March 23 (Bloomberg) -- Spain’s largest region is confident it can meet its budget-deficit goal this year and remains ready to deepen pay cuts to 5 percent if needed, said Catalan finance chief Andreu Mas-Colell.
Catalonia is waiting for the central government to present its budget on March 30 to see how much funding regions will get, he said in an interview. His government must cut its deficit to 1.5 percent of gross domestic product from 3.7 percent last year, when it missed its goal for a 1.3 percent shortfall.
“Can we meet it? Yes we can,” Mas-Colell, 67, said yesterday in his office in Barcelona. “If the income that we get from the central government budget is as we expect it to be, then we will meet the target.”
Spanish regions control over a third of public spending and are crucial to efforts to cut the nation’s budget shortfall, the fourth-largest in the euro area.
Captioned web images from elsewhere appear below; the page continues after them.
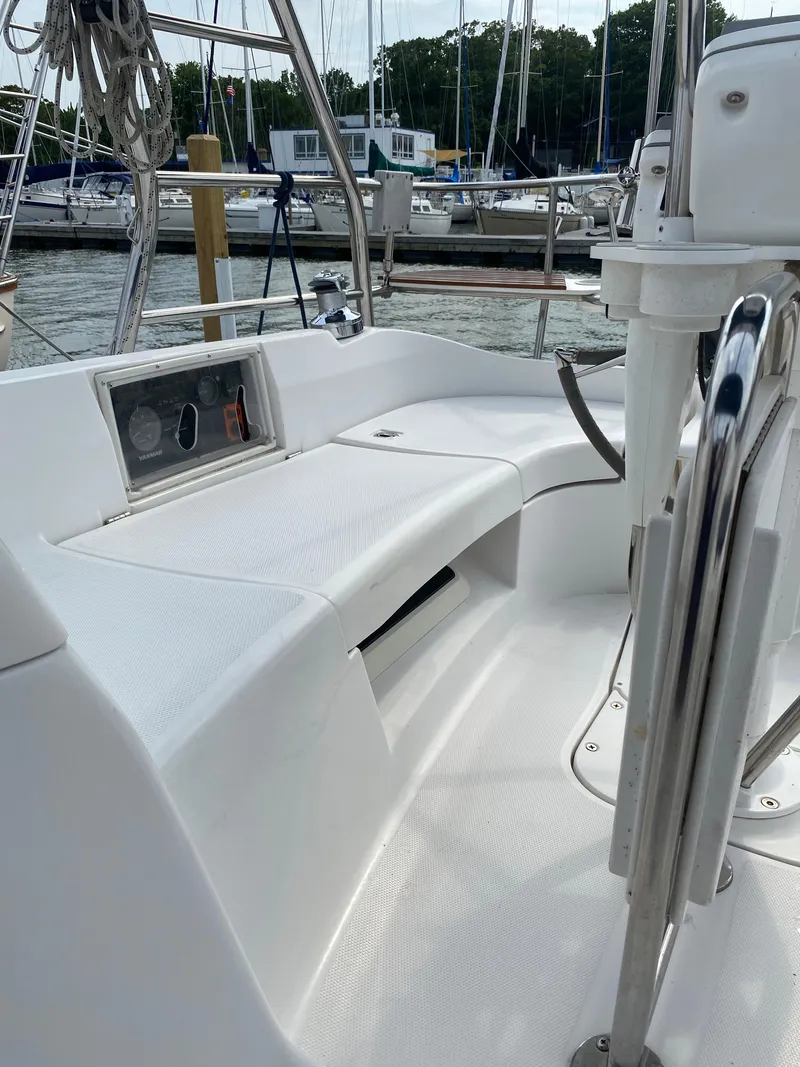 Slide: The Image of 2008 Hunter 33 sailboat cockpit with white seating and marina background. - 48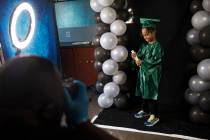 Dr. Dillard A. Scott takes a photo of Messiah Harris, 6, for his kindergarten graduation at Mr. ...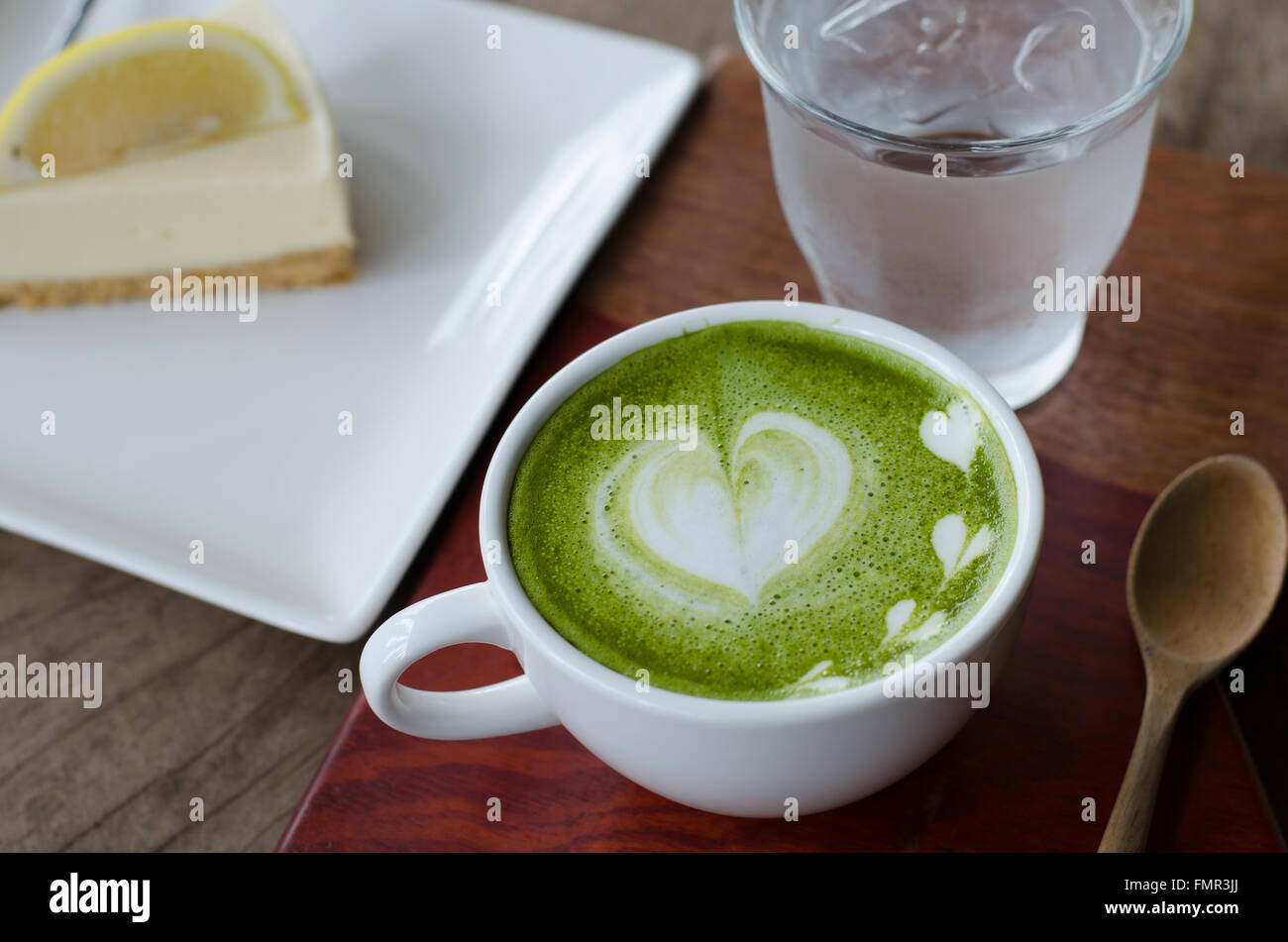 Green tea Latte/Matcha tea art and lemon cake Stock Photo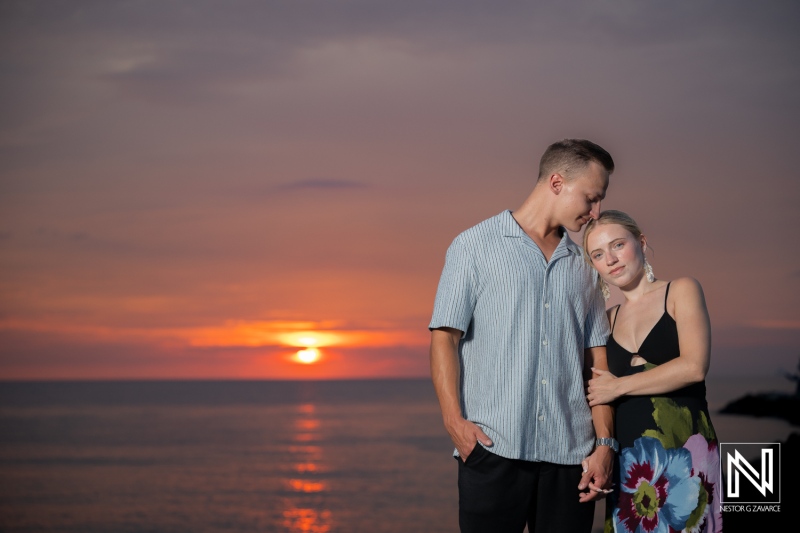 Couple enjoys photoshoot session at Baoase Luxury Resort during sunset in Curacao
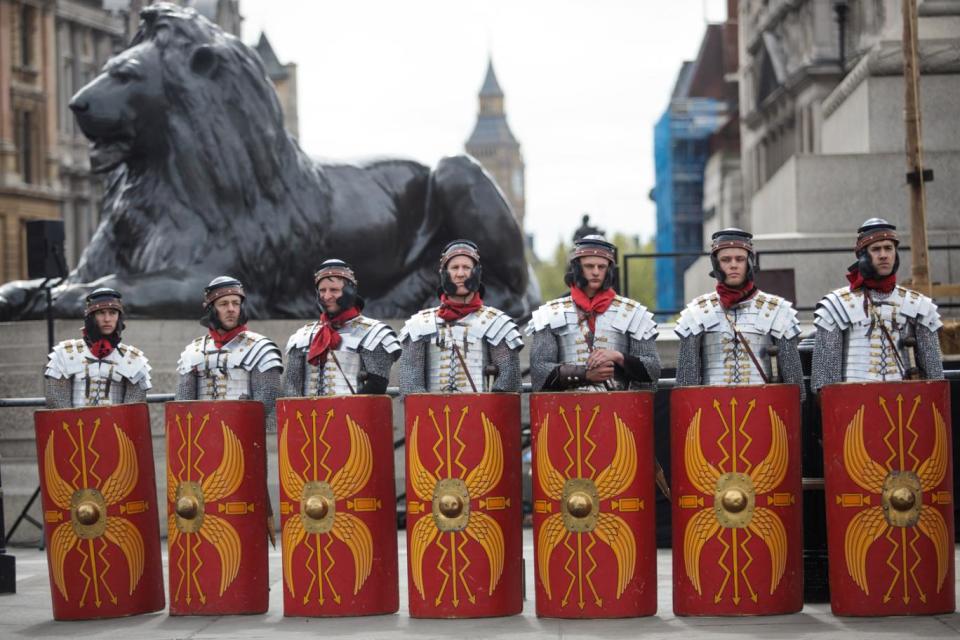 Actors dressed as Roman Legionaries in Trafalgar Square (Getty)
Prime Minister Mariano Rajoy has now loosened his government’s deficit target for this year, and Citigroup Inc. chief economist Willem Buiter said this week that Spain “is the key country about which I’m most worried.”
Catalonia has cut wages of around 200,000 workers in the public sector by 3 percent and may deepen that reduction to 5 percent from June depending on the outcome of the state budget, said Mas-Colell, who is a former professor at Harvard University and the University of California, Berkeley.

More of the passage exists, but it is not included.